Spotify wants all the world's music, and they're working hard on making this happen for you. However, sometimes agreements can't be reached with the artist or label or a change may happen in music ownership.
Spotify adds thousands of albums and artists are added every day. If you can't find an artist you're looking for, they may appear (or reappear if removed) soon.
Garth is a big time artist's rights activist. He was one of the major figures speaking out against Napster back in the day. He loathes YouTube (called it "the devil"). Even though he released singles, he's also blathered about "album integrity." He won't work with Apple (still not on iTunes), and had to have his arm twisted to even set up his own exclusive digital download store.
Obviously no fan of streaming. His refusal to accept the realities of the industry and his clinging to old models make the late Prince look like a futuristic visionary about the role of technology in content distribution.
In short, Garth Brooks will probably be the last holdout. After Def Leppard and Peter Gabriel are established firmly on Spotify, Garth will still be clinging to fighting the quixotic fight and begging you to buy CDs. That's how extreme and isolated his position is.

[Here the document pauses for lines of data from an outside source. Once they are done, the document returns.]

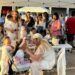 Diversión y buen ambiente al estilo ibicenco para despedir las fiestas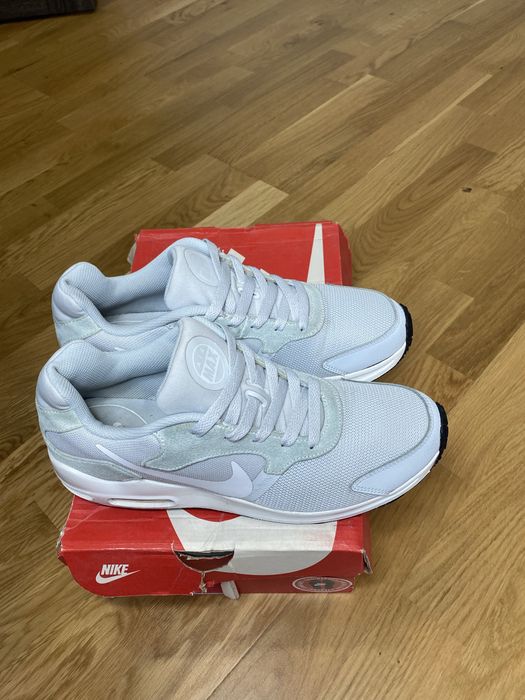 Жіночі кросівки Nike Air Max Guile US9/ EUR 40.5, на стопу 25,5 см, оригінал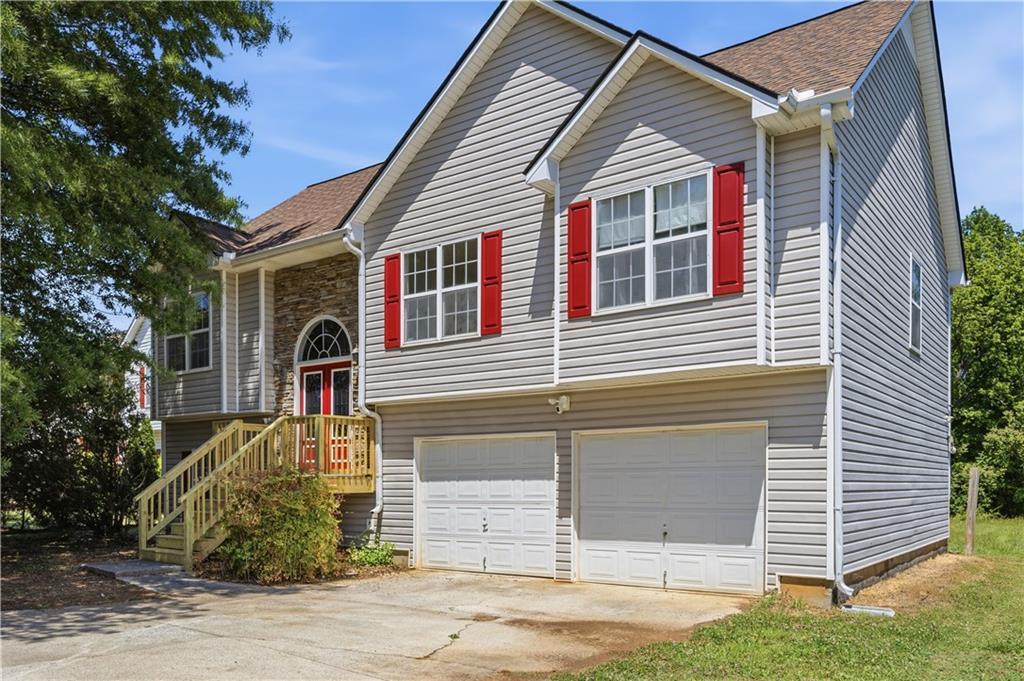 5730 Stout Pkwy., Powder Springs, GA 30127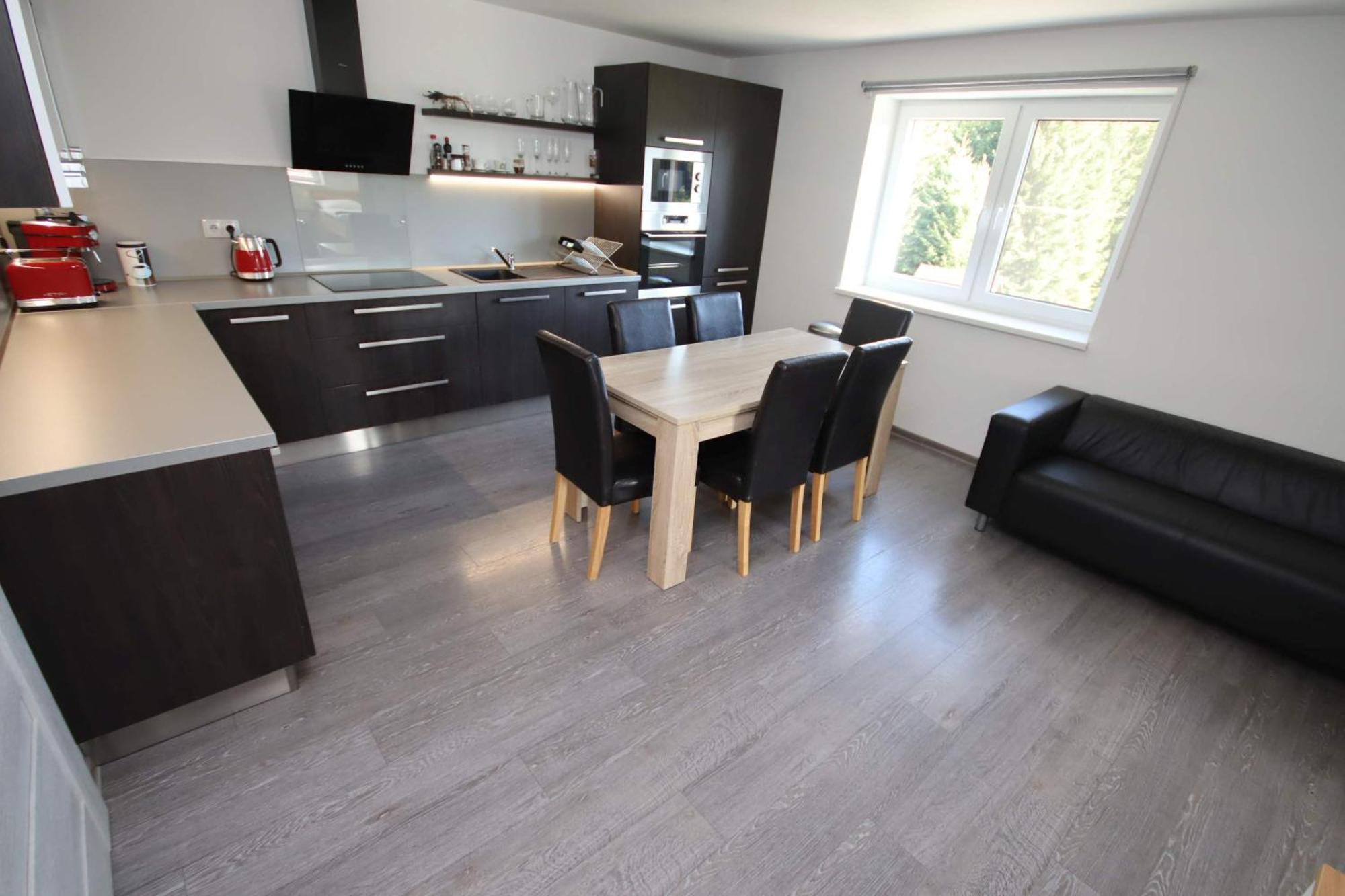 Apartman U Trojmezi Mosty u Jablunkova Bagian luar foto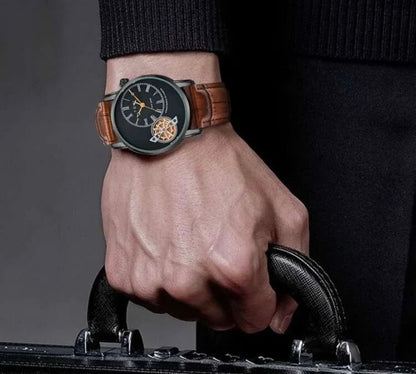 TOMI FaceGear - Professional Edition - Dual Strap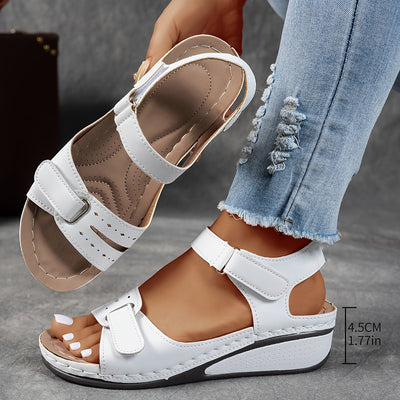 Claire | Orthopedic Comfort Flex Sandals
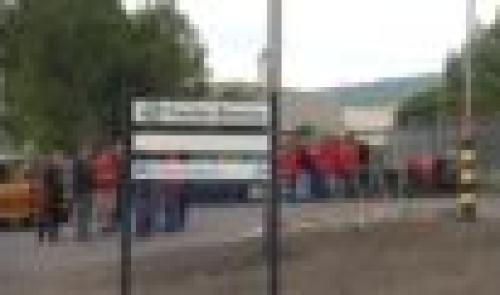Le conflit chez Treofan se poursuit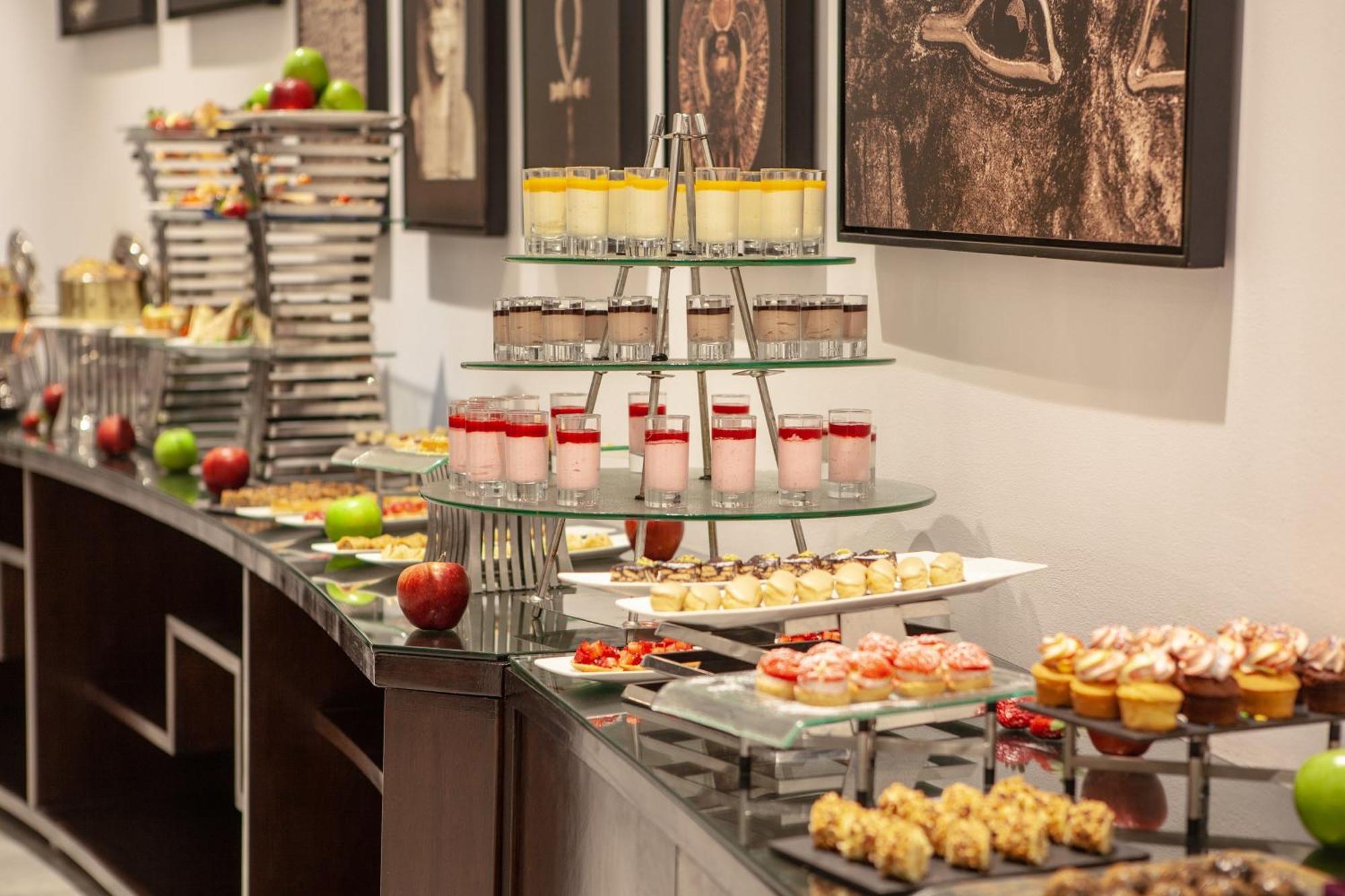 Maadi By Ihg 5*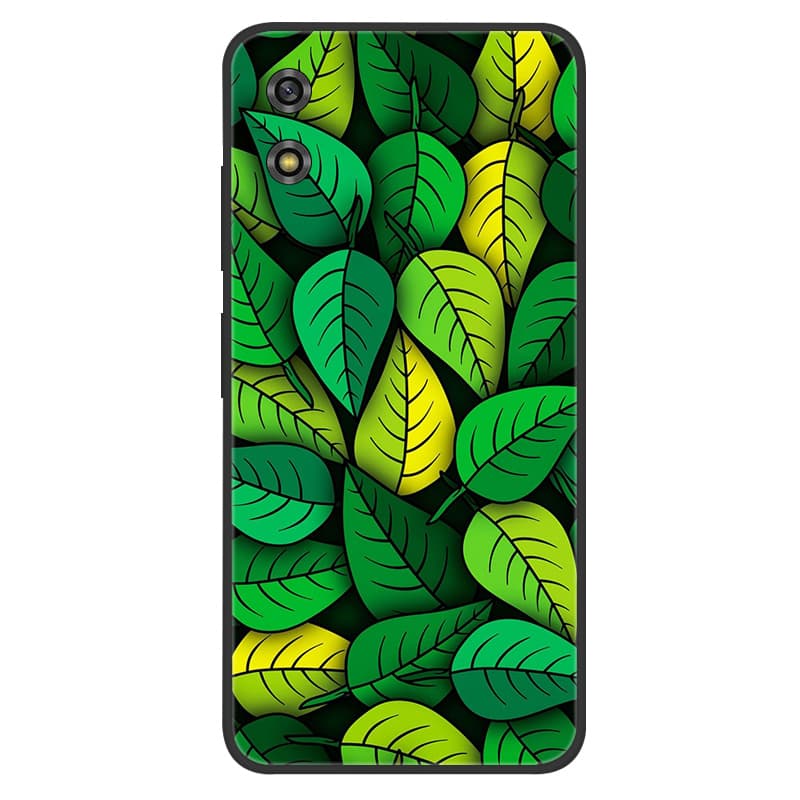 For Xiaomi Qin 3 Ultra Case Butterfly Silicone Protective Cover For Qin3 Ultra Duoqin Qin 3 Ultra Protector Black Bumpers Cases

Yeah, they knew the exclusivity would appeal to him and offered a sweet deal. Exclusivity and balkanization have to end eventually. Tay-Tay is largely to blame for the waning, but continuing scourge of exclusivity. She's come around, but the damage was done. Whatever else you say about Daniel Ek, you have to admire his refusal to give in to the pressure of offering exclusives. He may save the music industry yet (even if it remains maddening that he and his minions still refuse to give us specific explanations for song removals and instead offer up silly suggestions to "contact the label").